---
title: "langevals vs autogen"
type: "comparison"
canonical_url: "https://www.graphcanon.com/compare/langwatch-langevals-vs-microsoft-autogen"
tools: ["langwatch-langevals", "microsoft-autogen"]
---

# langevals vs autogen

*GraphCanon updated Jul 15, 2026*

## Verdict

Pick langevals when tags unique to langevals: evaluation, guardrails, llm, openai; pick autogen when requirements: Min 4 GB RAM; AutoGen requires Python 3.10 or later.; Ensure security when connecting to MCP servers due to the potential for local command execution and sensitive information exposure..

[langevals](https://langwatch.ai/) reports 72 GitHub stars, 9 forks, and 18 open issues, last pushed Feb 15, 2026. [autogen](https://microsoft.github.io/autogen/) has 60k stars, 9.0k forks, and 945 open issues, last pushed Apr 15, 2026. Figures are from public GitHub metadata via [langevals's repository](https://github.com/langwatch/langevals) and [autogen's repository](https://github.com/microsoft/autogen).

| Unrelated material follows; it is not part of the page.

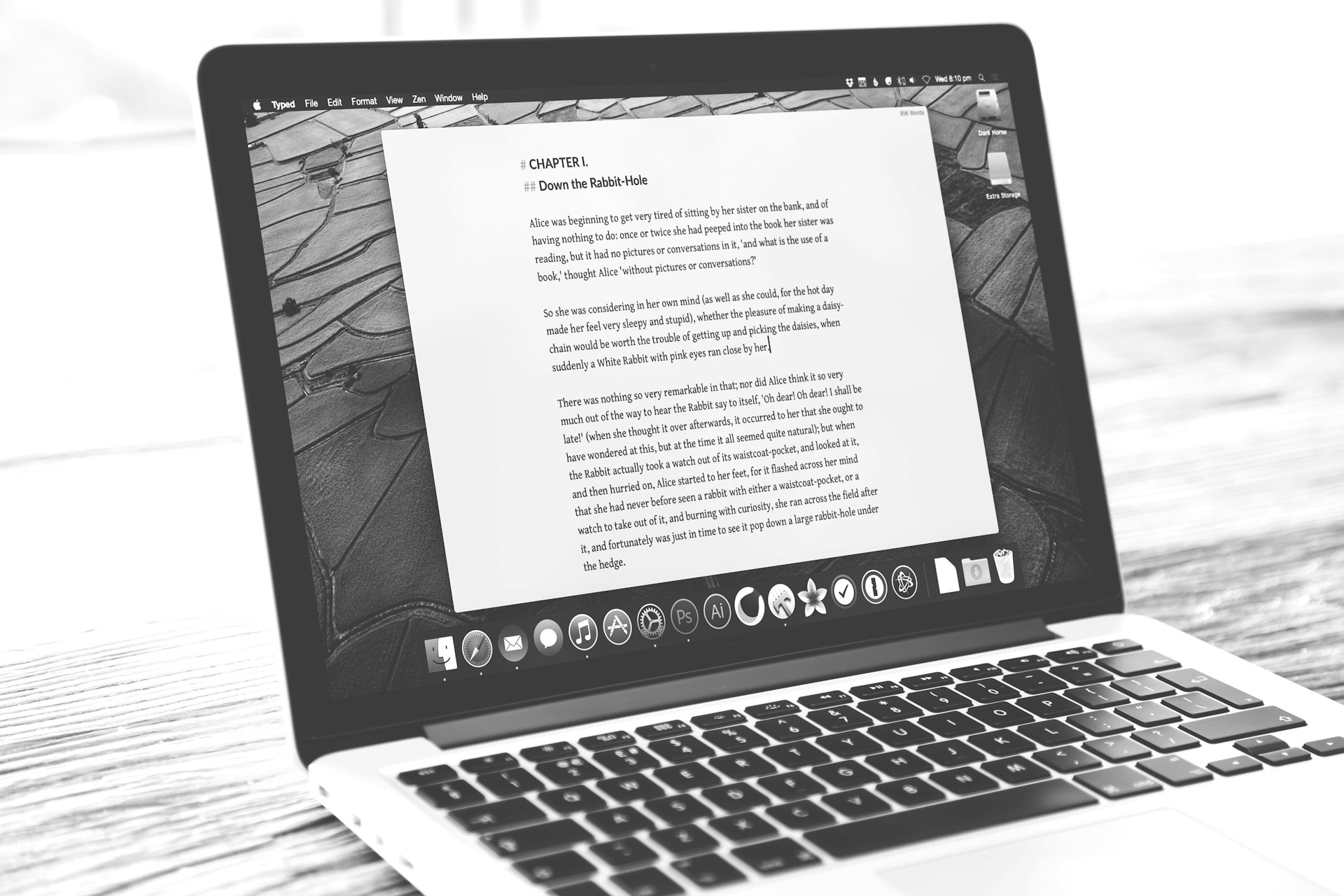 Laptop displays a document, possibly a letter.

| | [langevals](/tools/langwatch-langevals.md) | [autogen](/tools/microsoft-autogen.md) |
| --- | --- | --- |
| Tagline | LangEvals aggregates various language model evaluators into a single platform, providing a standard interface for a multitude of scores and LLM guardrails, for you to protect and benchmark your LLM mo | A programming framework for agentic AI |
| Stars | 72 | 59,658 |
| Forks | 9 | 8,983 |
| Open issues | 18 | 945 |
| Language | - | Python |
| Adopt for | - | AutoGen is a Python-based framework for developing and managing agentic AI systems. It includes the AutoGen Studio for no-code GUI setup, integrating with various models. |
| Persona | - | - |
| Runtime | - | - |
| License | - | CC-BY-4.0 |
| Categories | Data & Retrieval, Evaluation & Observability, LLM Frameworks | AI Agents, LLM Frameworks |

## Trust and health

_Sourced signals - not a safety guarantee. No winner column._

| | [langevals](/tools/langwatch-langevals.md) | [autogen](/tools/microsoft-autogen.md) |
| --- | --- | --- |
| Maintenance | Slowing (36%) | Steady (60%) |
| Days since push | 149d | 87d |
| Open issues (now) | 18 | 945 |
| Full report | [trust report](/tools/langwatch-langevals/trust.md) | [trust report](/tools/microsoft-autogen/trust.md) |

## Decision facts: autogen

- **Requirements:** Min 4 GB RAM; AutoGen requires Python 3.10 or later.; Ensure security when connecting to MCP servers due to the potential for local command execution and sensitive information exposure.
- **Adopt for:** AutoGen is a Python-based framework for developing and managing agentic AI systems. It includes the AutoGen Studio for no-code GUI setup, integrating with various models.

## Choose when

### Choose langevals if…

- Tags unique to langevals: evaluation, guardrails, llm, openai.
- Also covers Data & Retrieval, Evaluation & Observability.
- Leaner open-issue backlog (18).

### Choose autogen if…

- Requirements: Min 4 GB RAM; AutoGen requires Python 3.10 or later.; Ensure security when connecting to MCP servers due to the potential for local command execution and sensitive information exposure..
- Tags unique to autogen: agentic-agi, agents, ai, autogen.
- Also covers AI Agents.
- You need a framework that supports integration with multiple AI models via OpenAI's chat completion client.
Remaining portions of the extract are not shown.